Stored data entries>
....................
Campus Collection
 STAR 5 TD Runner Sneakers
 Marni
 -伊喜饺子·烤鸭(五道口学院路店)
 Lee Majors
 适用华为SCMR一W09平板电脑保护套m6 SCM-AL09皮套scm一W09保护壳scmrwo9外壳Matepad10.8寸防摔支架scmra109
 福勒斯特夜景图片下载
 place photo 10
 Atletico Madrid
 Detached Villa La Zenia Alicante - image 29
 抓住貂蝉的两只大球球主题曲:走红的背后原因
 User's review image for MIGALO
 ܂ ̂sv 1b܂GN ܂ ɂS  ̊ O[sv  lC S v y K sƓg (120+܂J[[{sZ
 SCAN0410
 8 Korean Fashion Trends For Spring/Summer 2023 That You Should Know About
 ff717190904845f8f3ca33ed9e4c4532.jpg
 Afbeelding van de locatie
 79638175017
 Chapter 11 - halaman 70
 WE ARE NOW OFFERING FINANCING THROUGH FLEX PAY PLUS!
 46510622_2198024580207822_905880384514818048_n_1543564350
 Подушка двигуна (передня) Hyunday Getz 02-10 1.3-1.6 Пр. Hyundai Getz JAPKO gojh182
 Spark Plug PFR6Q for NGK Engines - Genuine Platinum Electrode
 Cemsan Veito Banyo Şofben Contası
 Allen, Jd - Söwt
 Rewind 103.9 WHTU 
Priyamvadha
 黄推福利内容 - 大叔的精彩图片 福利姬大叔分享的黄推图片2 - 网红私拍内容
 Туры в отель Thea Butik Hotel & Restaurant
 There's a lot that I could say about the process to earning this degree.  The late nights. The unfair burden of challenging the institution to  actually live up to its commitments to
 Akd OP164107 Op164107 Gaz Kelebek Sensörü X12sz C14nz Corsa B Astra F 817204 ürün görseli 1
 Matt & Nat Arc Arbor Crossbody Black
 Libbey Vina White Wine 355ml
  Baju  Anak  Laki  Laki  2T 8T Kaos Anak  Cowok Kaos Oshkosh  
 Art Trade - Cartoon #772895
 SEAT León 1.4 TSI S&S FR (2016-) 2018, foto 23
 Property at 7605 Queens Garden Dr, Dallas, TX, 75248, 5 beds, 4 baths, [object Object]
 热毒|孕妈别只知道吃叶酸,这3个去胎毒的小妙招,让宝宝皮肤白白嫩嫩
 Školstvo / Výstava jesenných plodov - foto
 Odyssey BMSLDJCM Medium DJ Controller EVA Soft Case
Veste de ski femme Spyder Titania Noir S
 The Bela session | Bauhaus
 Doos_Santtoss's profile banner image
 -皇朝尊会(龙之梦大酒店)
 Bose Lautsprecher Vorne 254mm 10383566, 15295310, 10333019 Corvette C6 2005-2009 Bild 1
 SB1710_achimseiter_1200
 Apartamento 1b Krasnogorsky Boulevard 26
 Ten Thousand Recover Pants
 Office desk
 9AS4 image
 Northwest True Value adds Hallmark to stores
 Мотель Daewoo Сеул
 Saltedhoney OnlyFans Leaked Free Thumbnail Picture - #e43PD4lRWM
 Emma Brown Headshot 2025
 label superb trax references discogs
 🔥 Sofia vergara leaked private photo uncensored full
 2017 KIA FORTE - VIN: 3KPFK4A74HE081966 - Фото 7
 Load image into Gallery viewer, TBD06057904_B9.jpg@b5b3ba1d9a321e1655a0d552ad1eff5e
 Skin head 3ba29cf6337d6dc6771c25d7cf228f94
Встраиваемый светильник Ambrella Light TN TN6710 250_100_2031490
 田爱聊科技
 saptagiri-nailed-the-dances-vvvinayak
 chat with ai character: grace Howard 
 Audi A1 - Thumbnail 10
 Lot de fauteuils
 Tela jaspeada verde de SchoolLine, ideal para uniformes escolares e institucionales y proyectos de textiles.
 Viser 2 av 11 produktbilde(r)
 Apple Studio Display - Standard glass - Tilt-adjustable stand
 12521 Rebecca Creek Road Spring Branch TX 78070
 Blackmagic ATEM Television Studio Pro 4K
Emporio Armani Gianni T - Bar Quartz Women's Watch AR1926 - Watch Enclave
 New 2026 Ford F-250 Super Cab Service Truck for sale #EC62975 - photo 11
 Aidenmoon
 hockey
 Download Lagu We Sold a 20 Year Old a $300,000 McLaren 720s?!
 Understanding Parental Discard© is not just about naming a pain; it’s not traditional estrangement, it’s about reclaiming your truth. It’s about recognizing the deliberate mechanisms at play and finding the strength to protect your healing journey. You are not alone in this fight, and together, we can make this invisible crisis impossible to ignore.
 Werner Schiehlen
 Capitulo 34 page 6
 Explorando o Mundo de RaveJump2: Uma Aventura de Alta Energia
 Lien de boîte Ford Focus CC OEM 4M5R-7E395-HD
....................
A verbatim copy of all the entries above is requested.

Final answer>
Campus Collection
 STAR 5 TD Runner Sneakers
 Marni
 -伊喜饺子·烤鸭(五道口学院路店)
 Lee Majors
 适用华为SCMR一W09平板电脑保护套m6 SCM-AL09皮套scm一W09保护壳scmrwo9外壳Matepad10.8寸防摔支架scmra109
 福勒斯特夜景图片下载
 place photo 10
 Atletico Madrid
 Detached Villa La Zenia Alicante - image 29
 抓住貂蝉的两只大球球主题曲:走红的背后原因
 User's review image for MIGALO
 ܂ ̂sv 1b܂GN ܂ ɂS  ̊ O[sv  lC S v y K sƓg (120+܂J[[{sZ
 SCAN0410
 8 Korean Fashion Trends For Spring/Summer 2023 That You Should Know About
 ff717190904845f8f3ca33ed9e4c4532.jpg
 Afbeelding van de locatie
 79638175017
 Chapter 11 - halaman 70
 WE ARE NOW OFFERING FINANCING THROUGH FLEX PAY PLUS!
 46510622_2198024580207822_905880384514818048_n_1543564350
 Подушка двигуна (передня) Hyunday Getz 02-10 1.3-1.6 Пр. Hyundai Getz JAPKO gojh182
 Spark Plug PFR6Q for NGK Engines - Genuine Platinum Electrode
 Cemsan Veito Banyo Şofben Contası
 Allen, Jd - Söwt
 Rewind 103.9 WHTU 
Priyamvadha
 黄推福利内容 - 大叔的精彩图片 福利姬大叔分享的黄推图片2 - 网红私拍内容
 Туры в отель Thea Butik Hotel & Restaurant
 There's a lot that I could say about the process to earning this degree.  The late nights. The unfair burden of challenging the institution to  actually live up to its commitments to
 Akd OP164107 Op164107 Gaz Kelebek Sensörü X12sz C14nz Corsa B Astra F 817204 ürün görseli 1
 Matt & Nat Arc Arbor Crossbody Black
 Libbey Vina White Wine 355ml
  Baju  Anak  Laki  Laki  2T 8T Kaos Anak  Cowok Kaos Oshkosh  
 Art Trade - Cartoon #772895
 SEAT León 1.4 TSI S&S FR (2016-) 2018, foto 23
 Property at 7605 Queens Garden Dr, Dallas, TX, 75248, 5 beds, 4 baths, [object Object]
 热毒|孕妈别只知道吃叶酸,这3个去胎毒的小妙招,让宝宝皮肤白白嫩嫩
 Školstvo / Výstava jesenných plodov - foto
 Odyssey BMSLDJCM Medium DJ Controller EVA Soft Case
Veste de ski femme Spyder Titania Noir S
 The Bela session | Bauhaus
 Doos_Santtoss's profile banner image
 -皇朝尊会(龙之梦大酒店)
 Bose Lautsprecher Vorne 254mm 10383566, 15295310, 10333019 Corvette C6 2005-2009 Bild 1
 SB1710_achimseiter_1200
 Apartamento 1b Krasnogorsky Boulevard 26
 Ten Thousand Recover Pants
 Office desk
 9AS4 image
 Northwest True Value adds Hallmark to stores
 Мотель Daewoo Сеул
 Saltedhoney OnlyFans Leaked Free Thumbnail Picture - #e43PD4lRWM
 Emma Brown Headshot 2025
 label superb trax references discogs
 🔥 Sofia vergara leaked private photo uncensored full
 2017 KIA FORTE - VIN: 3KPFK4A74HE081966 - Фото 7
 Load image into Gallery viewer, TBD06057904_B9.jpg@b5b3ba1d9a321e1655a0d552ad1eff5e
 Skin head 3ba29cf6337d6dc6771c25d7cf228f94
Встраиваемый светильник Ambrella Light TN TN6710 250_100_2031490
 田爱聊科技
 saptagiri-nailed-the-dances-vvvinayak
 chat with ai character: grace Howard 
 Audi A1 - Thumbnail 10
 Lot de fauteuils
 Tela jaspeada verde de SchoolLine, ideal para uniformes escolares e institucionales y proyectos de textiles.
 Viser 2 av 11 produktbilde(r)
 Apple Studio Display - Standard glass - Tilt-adjustable stand
 12521 Rebecca Creek Road Spring Branch TX 78070
 Blackmagic ATEM Television Studio Pro 4K
Emporio Armani Gianni T - Bar Quartz Women's Watch AR1926 - Watch Enclave
 New 2026 Ford F-250 Super Cab Service Truck for sale #EC62975 - photo 11
 Aidenmoon
 hockey
 Download Lagu We Sold a 20 Year Old a $300,000 McLaren 720s?!
 Understanding Parental Discard© is not just about naming a pain; it’s not traditional estrangement, it’s about reclaiming your truth. It’s about recognizing the deliberate mechanisms at play and finding the strength to protect your healing journey. You are not alone in this fight, and together, we can make this invisible crisis impossible to ignore.
 Werner Schiehlen
 Capitulo 34 page 6
 Explorando o Mundo de RaveJump2: Uma Aventura de Alta Energia
 Lien de boîte Ford Focus CC OEM 4M5R-7E395-HD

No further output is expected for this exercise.